DATA IN THIS EXERCISE:
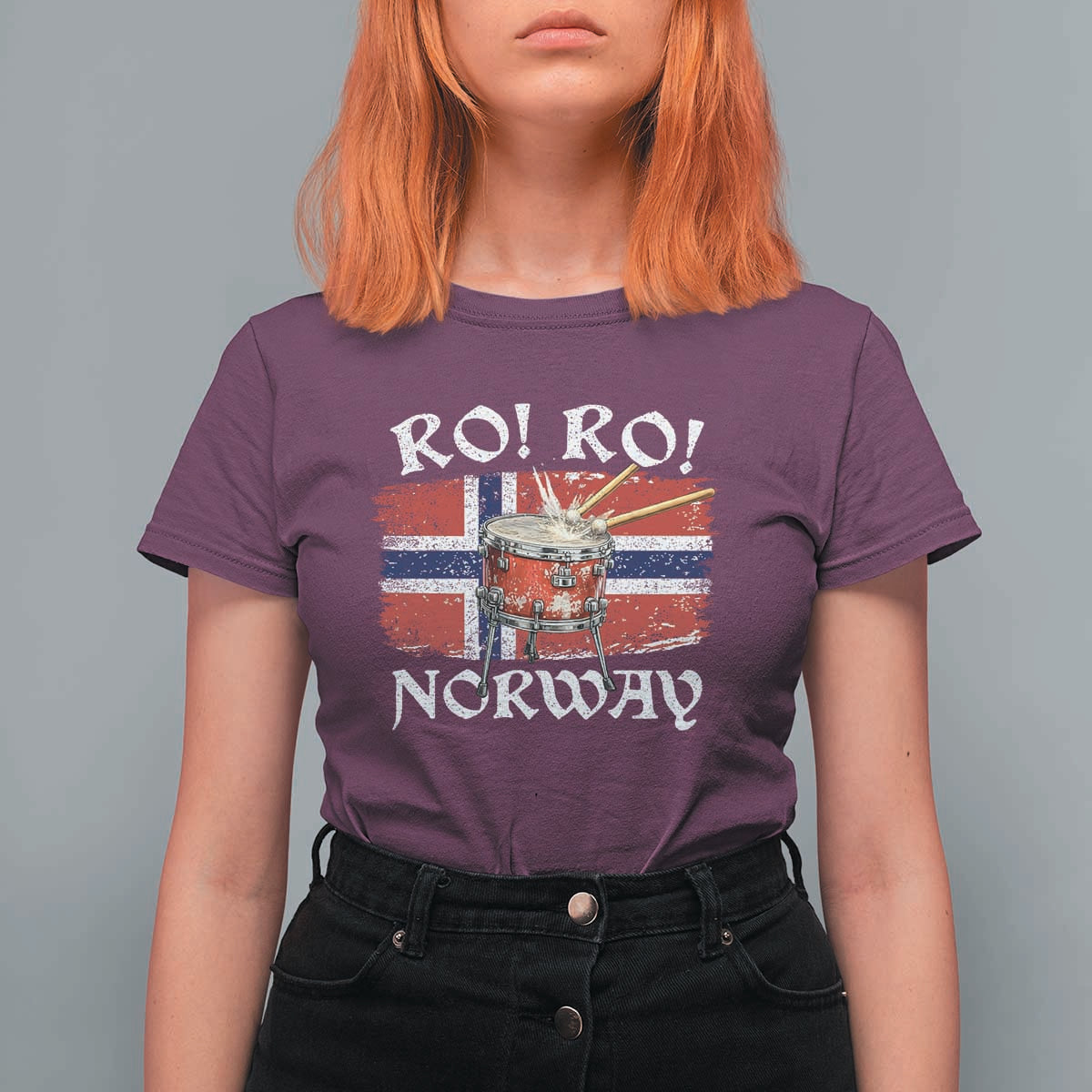 Funny Norway Drummer Ro Ro T Shirt For Women Patriotic Norge Norwegian Flag Rowing Support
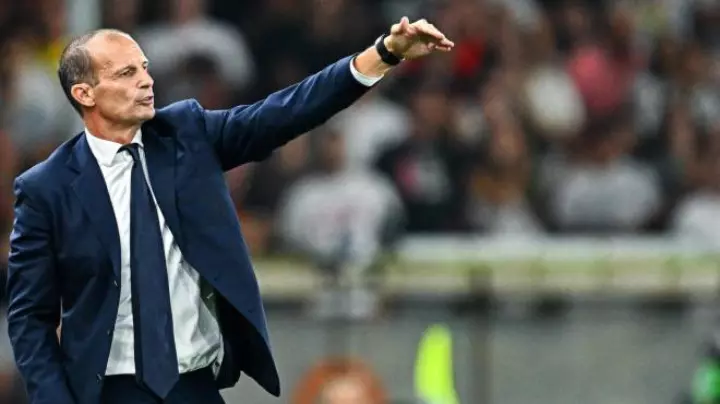 Juventus's Italian head coach Massimiliano Allegri during the Italian Serie A soccer match Uc Sampdoria vs Juventus Fc at Luigi Ferraris stadium in Genoa, Italy, 22 August 2022. ANSA/STRINGER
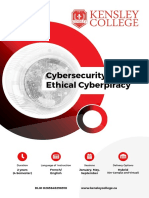 Cybersecurity & Ethical Cyberpiracy: 2 Years (4 Semester) French/ English Hybrid January, May, September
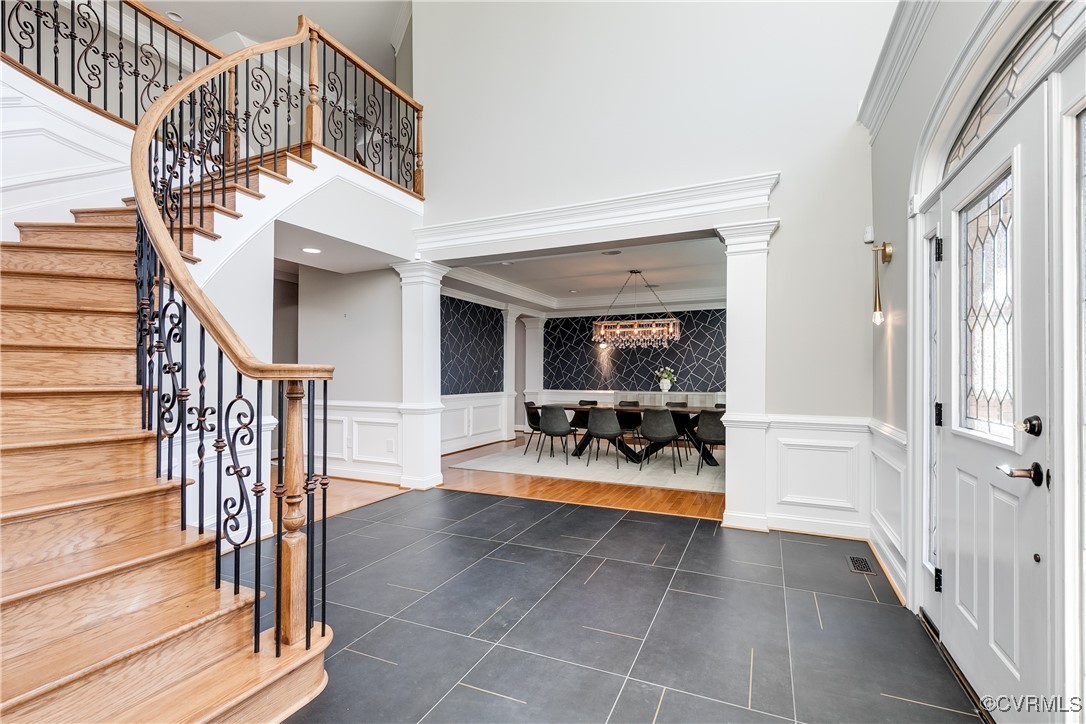 521 Raleigh Manor Road Henrico, VA 23229 - Photo 9 of 46 a view of entryway livingroom and hall with wooden floor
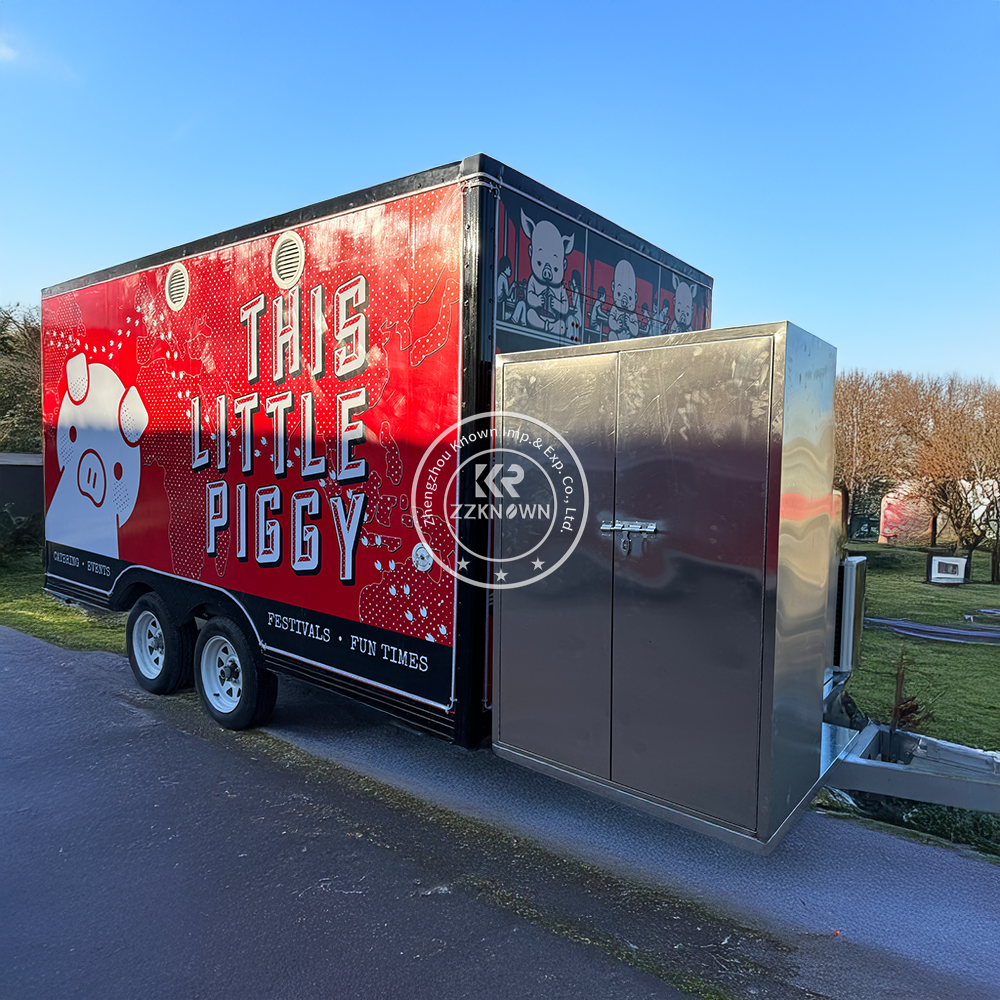 ​Food Trailer for Sale with Vent Hood And Fire Suppression: Why Europe's Smartest Food Entrepreneurs Are Upgrading To Hot Dog Concession Trailers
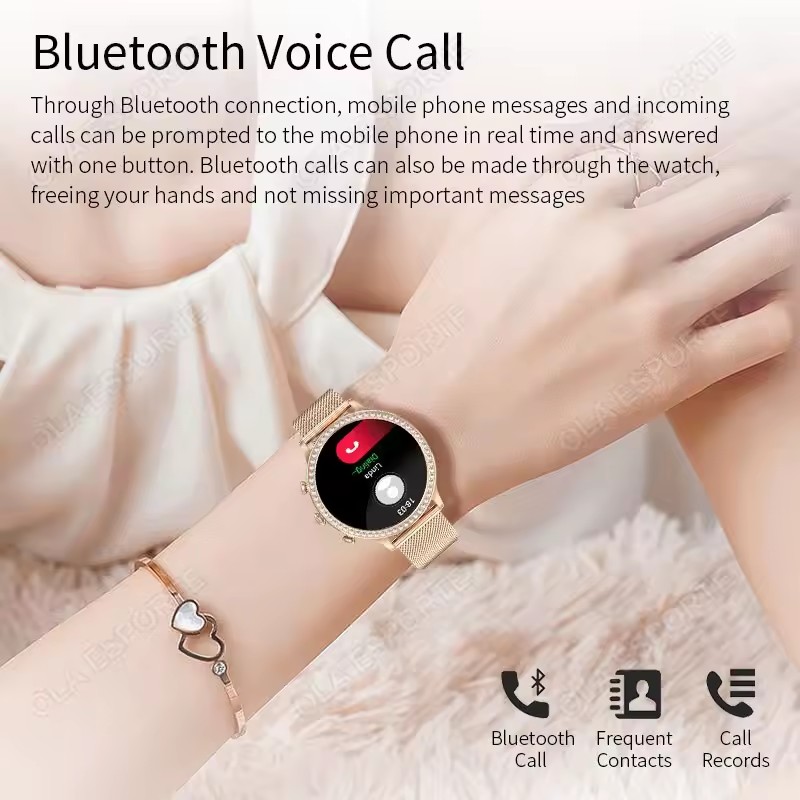 Elegant Ladies' Smartwatch Blu - Watches Ladies Smartwatch ulasan dan harga
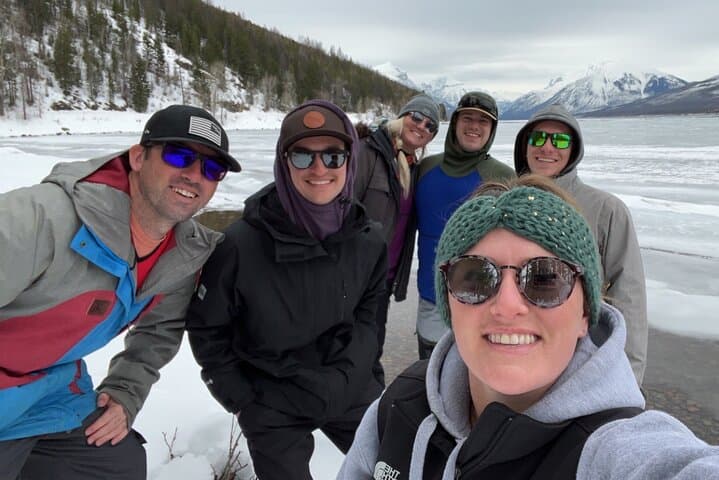 Guided Snowshoe and Scenic Drive in Glacier National Park photo 2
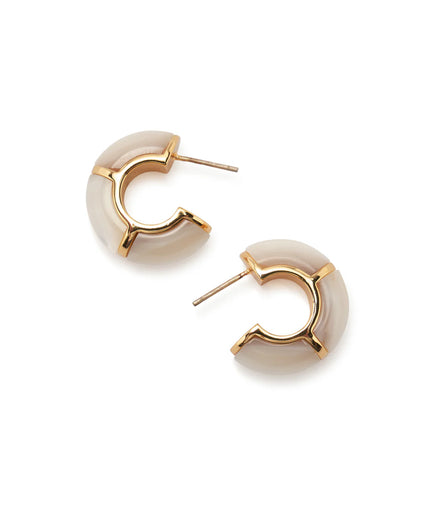 ZELLIGE HOOPS IN MOTHER OF PEARL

YOUR ASSIGNMENT:
Transcribe the listing above in full. Pictures are not part of the copy.

RESPONSE BELOW:
 Funny Norway Drummer Ro Ro T Shirt For Women Patriotic Norge Norwegian Flag Rowing Support
 Juventus's Italian head coach Massimiliano Allegri during the Italian Serie A soccer match Uc Sampdoria vs Juventus Fc at Luigi Ferraris stadium in Genoa, Italy, 22 August 2022. ANSA/STRINGER
 Cybersecurity & Ethical Cyberpiracy: 2 Years (4 Semester) French/ English Hybrid January, May, September
 521 Raleigh Manor Road Henrico, VA 23229 - Photo 9 of 46 a view of entryway livingroom and hall with wooden floor
 ​Food Trailer for Sale with Vent Hood And Fire Suppression: Why Europe's Smartest Food Entrepreneurs Are Upgrading To Hot Dog Concession Trailers
 Elegant Ladies' Smartwatch Blu - Watches Ladies Smartwatch ulasan dan harga
 Guided Snowshoe and Scenic Drive in Glacier National Park photo 2
 ZELLIGE HOOPS IN MOTHER OF PEARL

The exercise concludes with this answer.